Posts Tagged ‘C.M. Kornbluth’

‘I’ Predicts Laboratory Produced Meat Could Be on Sale in Two Years’ Time

November 25, 2020

More news about the rapidly approaching Science Fictional society on the horizon. Last Friday’s edition of the I for 20th November 2020 carried a piece by Madeleine Cuff, ‘Biofarm to fork: Lab-grown meat on supermarket shelf in two years’, which reported that an Israeli company has had such success growing meat in a lab, that it may be sufficiently commercially viable to compete with traditionally farmed meat. The article ran

Steak grown in a laboratory could be hitting dinner plates within two years, after an Israeli food start-up this week unveiled a “commercial prototype” of its cultured steak.

Aleph Farms’ steak slices are grown in a laboratory – they prefer the term biofarm – using cells extracted from a living cow. The firm claims its “slaughter-free” product has the taste, texture, aroma, and nutritional value of meat reared the traditional way.

It is not the first firm to produce lab-grown meat that mimics traditional meat, but it is the first to say it can produce lab-grown meat cheaply enough for the average shopper. Aleph claims its production system will soon be able to produce lab-grown steak slices as cheaply as conventional meat.

“One of the big challenges of cultivated meat is the ability to produce large quantities efficiently at a cost that can complete with conventional meat industry pricing, without compromising on quality,” said Didier Toubia, co-founder and CEO of Aleph Farms. “We have developed five technological building blocks unique to Aleph Farms that are put into a large-scale production process, all patented by the company.”
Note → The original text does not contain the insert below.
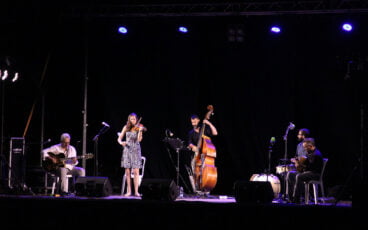 actuacion de mediterranean gypsy jazz reunion en el festival de jazz de denia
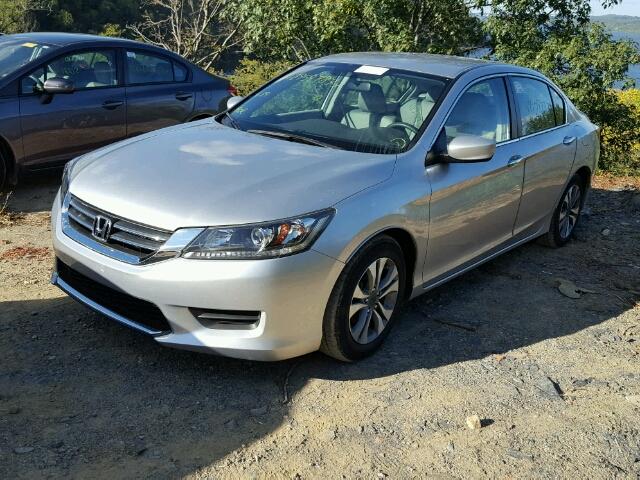 1HGCR2F31EA163999 - 2014 HONDA ACCORD SILVER photo 2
The slices are being unveiled today at an innovation conference in Singapore, ahead of a pilot launch at the end of 2022. The firm has raised $12m (£9m) in funding, including backing from the multinational Cargill, Swiss supermarket Migros and Israeli food manufacturer Strauss Group to fund its plans.

Aleph Farms says its system of meat production – which will take place in specially developed “Bio-Farms” – uses a fraction of the resources needed to rear livestock for meat. Beef is one of the most carbon-intensive foods, in part because it requires large amounts of land, food and water to rear cattle.

Switching to lab-grown meat would also curb the use of antibiotics in farm animals, one of the major drivers of antibiotic resistance around the world, Aleph Farms said.

But many consumers are still uncomfortable with the idea of eating so-called cultured meat, and farmers are expected to mount stiff opposition to its roll-out. In the US the beef lobby is already pressuring the US Department of Agriculture to define meat as a product that comes from the carcass of an animal.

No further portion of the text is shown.